> _Information supplied_:
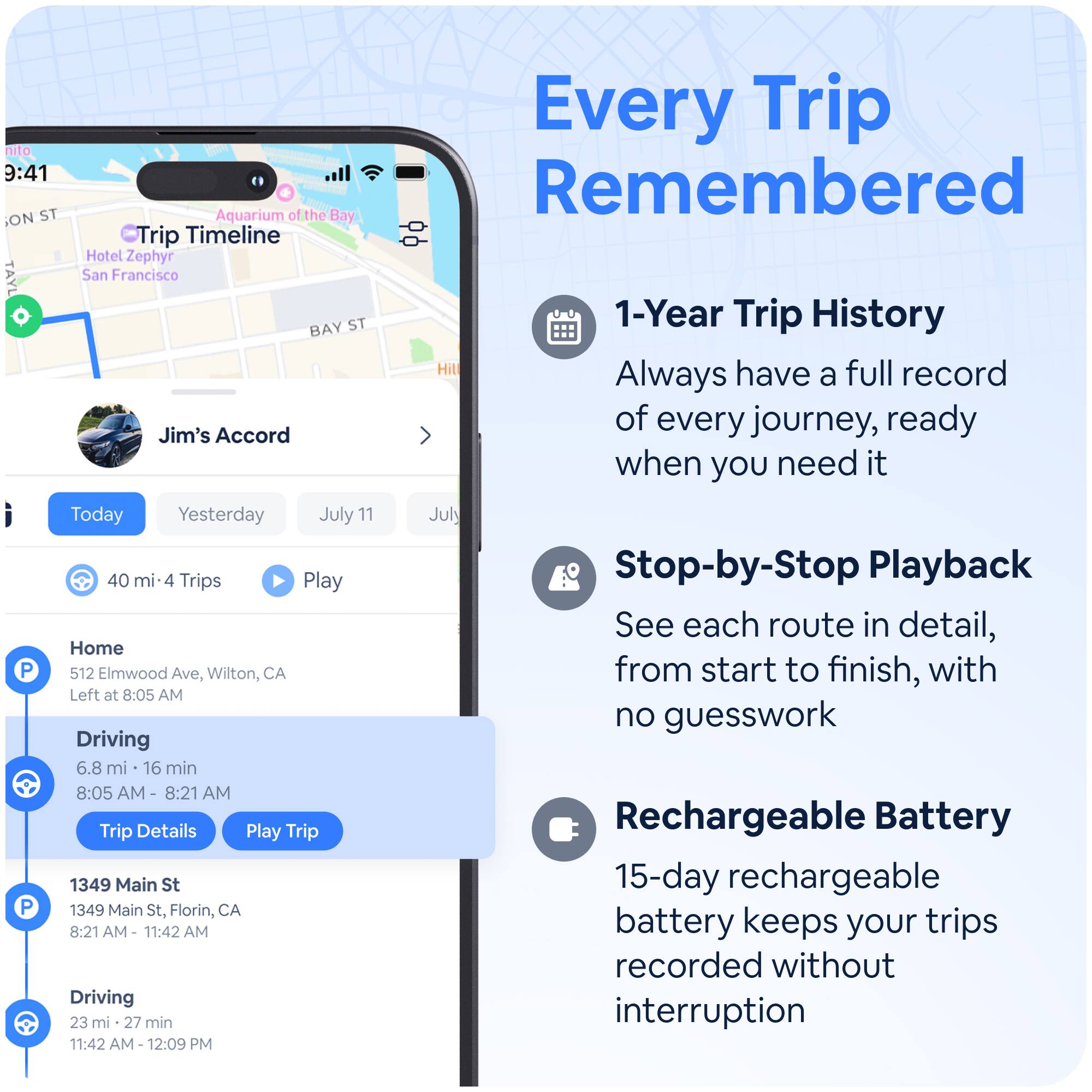 **Every Trip Remembered**

- **1-Year Trip History**
  - Always have a full record of every journey, ready when you need it

- **Stop-by-Stop Playback**
  - See each route in detail, from start to finish, with no guesswork

- **Rechargeable Battery**
  - 15-day rechargeable battery keeps your trips recorded without interruption

---

**Trip Timeline**

- **Jim's Accord**
  - Today
  - Yesterday
  - July 11
  - July 12

- **40 mi. - 4 Trips**
  - Play

- **Home**
  - 512 Elmwood Ave, Wilton, CA
  - Left at 8:05 AM

- **Driving**
  - 6.8 mi. - 16 min
  - 8:05 AM - 8:21 AM
  - Trip Details
  - Play Trip

- **1349 Main St**
  - 1349 Main St, Florin, CA
  - 8:21 AM - 11:42 AM

- **Driving**
  - 23 mi. -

> _Exercise goal_: What you return should match the material word for word, apart from the pictures.

> _Written solution_:
 **Every Trip Remembered**

- **1-Year Trip History**
  - Always have a full record of every journey, ready when you need it

- **Stop-by-Stop Playback**
  - See each route in detail, from start to finish, with no guesswork

- **Rechargeable Battery**
  - 15-day rechargeable battery keeps your trips recorded without interruption

---

**Trip Timeline**

- **Jim's Accord**
  - Today
  - Yesterday
  - July 11
  - July 12

- **40 mi. - 4 Trips**
  - Play

- **Home**
  - 512 Elmwood Ave, Wilton, CA
  - Left at 8:05 AM

- **Driving**
  - 6.8 mi. - 16 min
  - 8:05 AM - 8:21 AM
  - Trip Details
  - Play Trip

- **1349 Main St**
  - 1349 Main St, Florin, CA
  - 8:21 AM - 11:42 AM

- **Driving**
  - 23 mi. -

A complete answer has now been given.